If the capacitance C in a parallel RLC circuit decreases, what happens to resonant frequency f₀? 

Explanation:

Resonant Frequency in a Parallel RLC Circuit

Definition: Resonant frequency (f₀) in a parallel RLC circuit is the frequency at which the inductive reactance and capacitive reactance become equal in magnitude, causing the circuit to exhibit purely resistive behavior. At this frequency, the impedance of the circuit is maximized, and the circuit resonates.

Formula: The resonant frequency (f₀) for a parallel RLC circuit is given by the following equation:

f₀ = 1 / (2 × π × √(L × C))

Where:

• L: Inductance of the inductor (in henries, H)
• C: Capacitance of the capacitor (in farads, F)

Working Principle: Resonance occurs in a parallel RLC circuit when the energy alternates between the inductor and capacitor, creating oscillations at the resonant frequency. At this point, the inductive reactance (X_L) and capacitive reactance (X_C) cancel each other out, leading to the circuit behaving as though only the resistance is present.

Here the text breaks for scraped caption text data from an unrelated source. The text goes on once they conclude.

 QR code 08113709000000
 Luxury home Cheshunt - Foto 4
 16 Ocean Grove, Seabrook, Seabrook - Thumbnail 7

Impact of Decreasing Capacitance (C):

From the formula for resonant frequency (f₀):

f₀ = 1 / (2 × π × √(L × C))

It is evident that the resonant frequency is inversely proportional to the square root of the product of inductance (L) and capacitance (C). Specifically:

• If C decreases, the denominator (√(L × C)) becomes smaller.
• This causes the value of f₀ to increase because the resonant frequency is inversely proportional to the square root of C.

Therefore, when the capacitance (C) in a parallel RLC circuit decreases, the resonant frequency (f₀) increases.

Correct Option Analysis:

The correct option is:

Option 2: Increases

This option correctly identifies the effect of decreasing capacitance on the resonant frequency in a parallel RLC circuit. As explained above, a reduction in capacitance leads to an increase in the resonant frequency due to their inverse relationship in the resonant frequency formula.

Additional Information

To further understand the analysis, let’s evaluate the other options:

Option 1: Decreases

This option is incorrect because decreasing capacitance does not cause the resonant frequency to decrease. As shown in the formula, resonant frequency is inversely proportional to the square root of capacitance (C); hence, a reduction in C increases the value of f₀.

Option 3: Remains constant

This option is incorrect because the resonant frequency depends on the values of both inductance (L) and capacitance (C). Changes in either L or C will affect the resonant frequency. If capacitance decreases, f₀ will increase, as explained earlier.

Option 4: Becomes zero

This option is incorrect because the resonant frequency cannot become zero simply by decreasing capacitance. Even with very small values of C, the resonant frequency remains finite and increases. Resonant frequency becoming zero would imply the absence of oscillation, which is not the case here.

Conclusion:

Understanding the relationship between capacitance and resonant frequency is crucial for analyzing parallel RLC circuits. The resonant frequency is determined by the values of inductance and capacitance. When capacitance decreases, the resonant frequency increases due to their inverse proportionality. This principle is fundamental in electronics and telecommunications, where resonant circuits are used for signal filtering and frequency selection.